## WORK ORDER
Write out, without any change, the lines in the material below that run from the line with "Inflyatsiya va uning turlari 4" through the line with "UFO MX Rear", both included.

## RECORDS FOR THIS TASK
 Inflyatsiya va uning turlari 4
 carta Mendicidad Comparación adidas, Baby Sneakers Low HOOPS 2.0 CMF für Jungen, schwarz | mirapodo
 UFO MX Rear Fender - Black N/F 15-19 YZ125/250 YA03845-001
...
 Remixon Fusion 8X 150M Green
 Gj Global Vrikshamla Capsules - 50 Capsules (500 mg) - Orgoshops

## TASK RESPONSE
 Inflyatsiya va uning turlari 4
 carta Mendicidad Comparación adidas, Baby Sneakers Low HOOPS 2.0 CMF für Jungen, schwarz | mirapodo
 UFO MX Rear Fender - Black N/F 15-19 YZ125/250 YA03845-001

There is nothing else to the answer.